In earlier implementation of the command screen, the process command was treated as a sequence of single-byte characters. When there are wide chars, especially UTF-8 byte sequences in the command, it's possible to have part of the multi-byte sequence wrapped to next line.

To fix that we now leverage mbrtowc and wcwidth to know the byte count and character width for non-ASCII characters, so that we can now wrap near window edge and more importantly at character boundaries.

@BenBE Would you mind having a look at this when you get a chance?

@ryenus ryenus changed the title Wrap cmd wide CommandScreen: handle multi-byte UTF-8 code sequences while wrapping Jun 22, 2025
@ryenus ryenus force-pushed the wrap-cmd-wide branch 4 times, most recently from cf02101 to 4f202bb Compare June 22, 2025 15:26
@Explorer09
Copy link
Contributor

I have been trying to make a few PRs (pull requests) that could bring Unicode character width support in htop. So you are not the first one that proposed the idea.

There are many places in htop codebase that need to be upgraded for Unicode character width support. So your width calculation function would be better not limited to CommandScreen.c use.

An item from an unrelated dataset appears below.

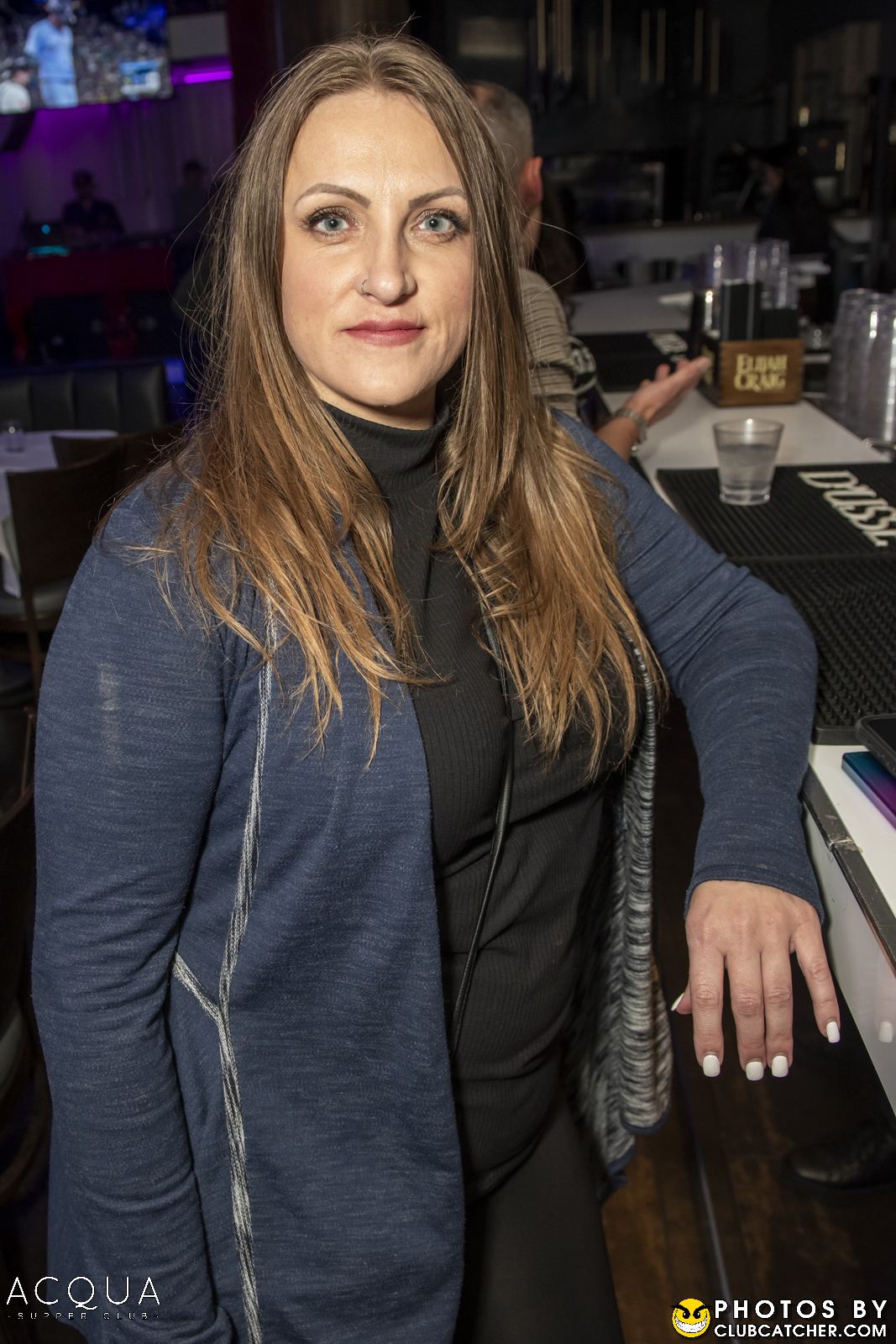 Acqua Supperclub party venue photo 110 - October 15th, 2025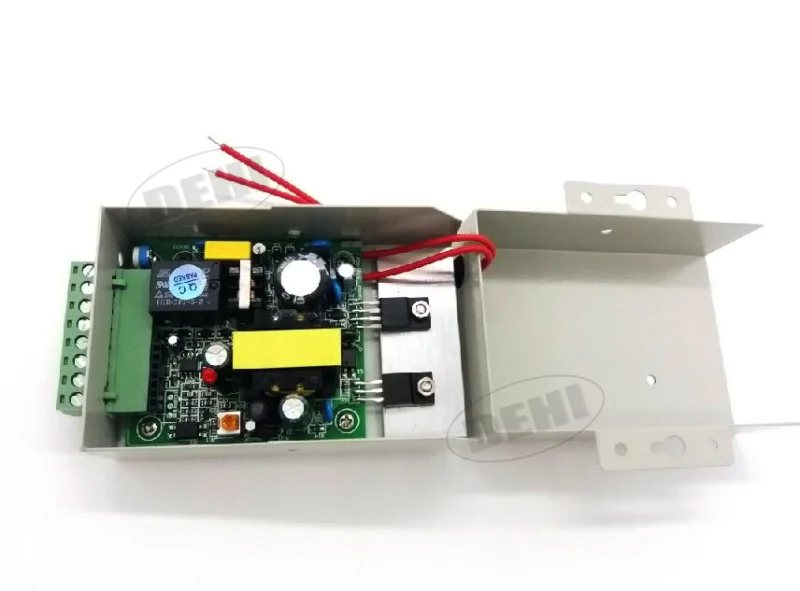 PSDC12V 05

To avoid duplicate effort, maybe you could look at my PR #1642 to see what you can do with the width calculation.

@ryenus ryenus force-pushed the wrap-cmd-wide branch 2 times, most recently from 35279f5 to 8b6f9bc Compare June 24, 2025 15:44
@ryenus
Copy link
Contributor Author

ryenus commented Jun 25, 2025

@Explorer09, thanks a lot for sharing your thoughts and pointing me to your work on related topics. I really appreciate your insights and all the effort you’ve put into this area.

For this PR, I’m mainly focused on implementing proper line wrapping at or near the window border. I agree that a broader, unified solution for wide character support, especially an improved control character handling worth looking. However, I think those are best addressed in their own dedicated PRs and discussions, such as what you’re working on in #1642. For now, I’d prefer to keep the scope here limited so we can resolve this specific issue first.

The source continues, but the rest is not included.